Please set down exactly the lines of the listing below from the line containing "09752 - Mykenzi" through the line containing "Люстра Chiaro Палермо 386010306 - Фото 1", both lines included, leaving out all other lines.

Source data:
|---|
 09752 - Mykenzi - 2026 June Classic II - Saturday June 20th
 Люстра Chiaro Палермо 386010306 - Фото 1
|---|
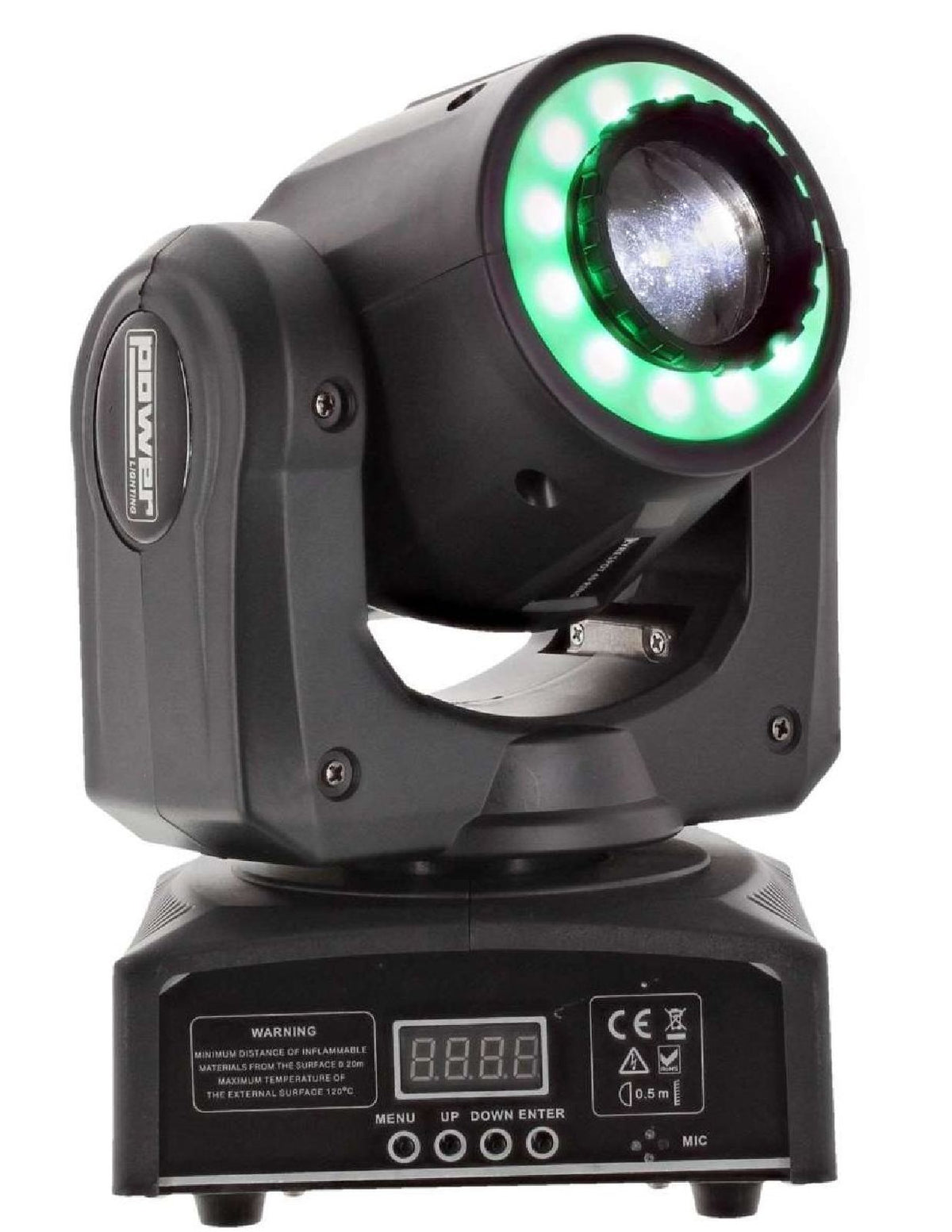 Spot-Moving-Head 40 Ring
|---|
Task result:
 09752 - Mykenzi - 2026 June Classic II - Saturday June 20th
 Люстра Chiaro Палермо 386010306 - Фото 1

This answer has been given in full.